-- RECORDS SHOWN follows --
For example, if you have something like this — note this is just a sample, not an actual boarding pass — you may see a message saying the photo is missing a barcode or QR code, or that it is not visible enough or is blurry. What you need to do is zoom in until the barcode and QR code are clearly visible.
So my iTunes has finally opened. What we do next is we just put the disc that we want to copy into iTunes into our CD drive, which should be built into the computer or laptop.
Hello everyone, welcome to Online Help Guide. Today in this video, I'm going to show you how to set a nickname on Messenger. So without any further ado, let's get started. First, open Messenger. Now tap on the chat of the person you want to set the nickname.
-- RECORDS SHOWN concluded --
-- RECORDS SHOWN follows --
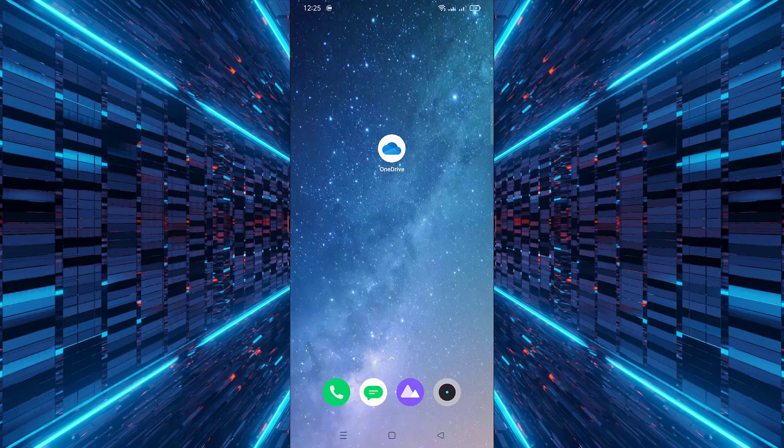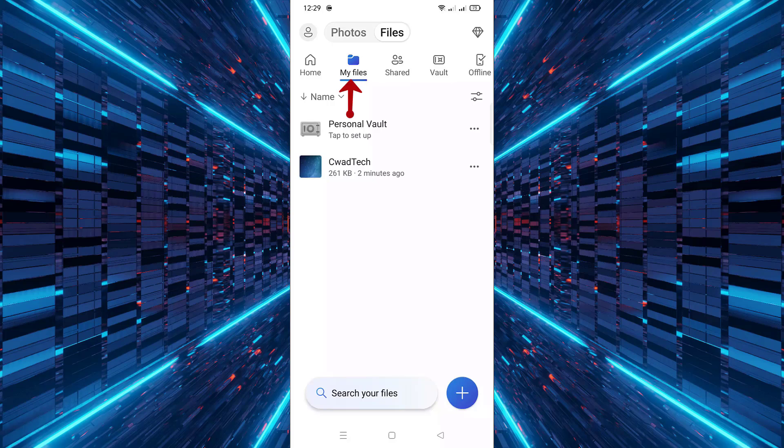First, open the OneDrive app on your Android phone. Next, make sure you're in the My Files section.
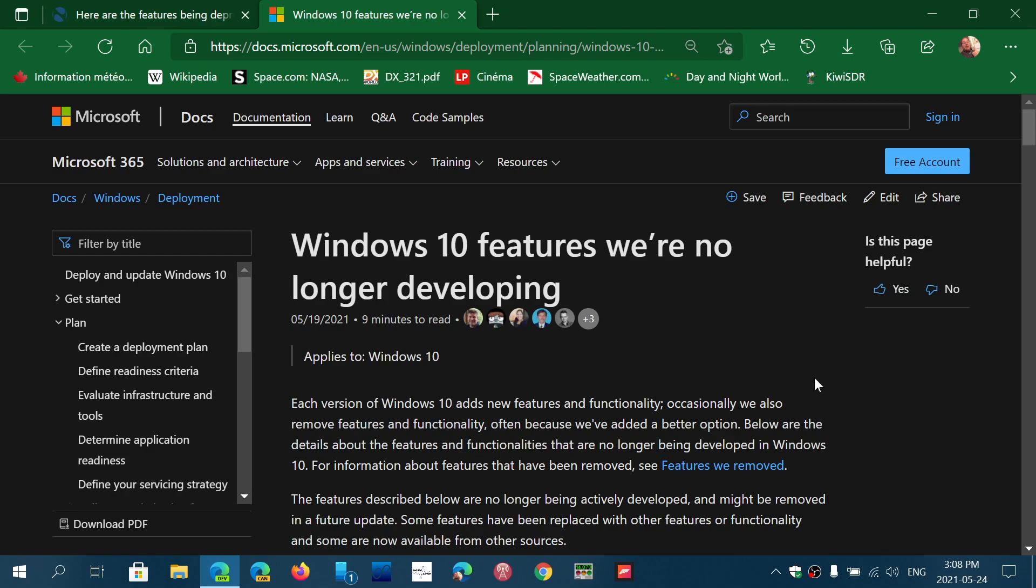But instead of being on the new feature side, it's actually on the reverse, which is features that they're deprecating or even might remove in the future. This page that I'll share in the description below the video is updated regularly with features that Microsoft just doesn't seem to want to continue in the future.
-- RECORDS SHOWN concluded --
The expected answer is each line of the records above that includes the string "What".

### REPLY TO THE EXERCISE
For example, if you have something like this — note this is just a sample, not an actual boarding pass — you may see a message saying the photo is missing a barcode or QR code, or that it is not visible enough or is blurry. What you need to do is zoom in until the barcode and QR code are clearly visible.
So my iTunes has finally opened. What we do next is we just put the disc that we want to copy into iTunes into our CD drive, which should be built into the computer or laptop.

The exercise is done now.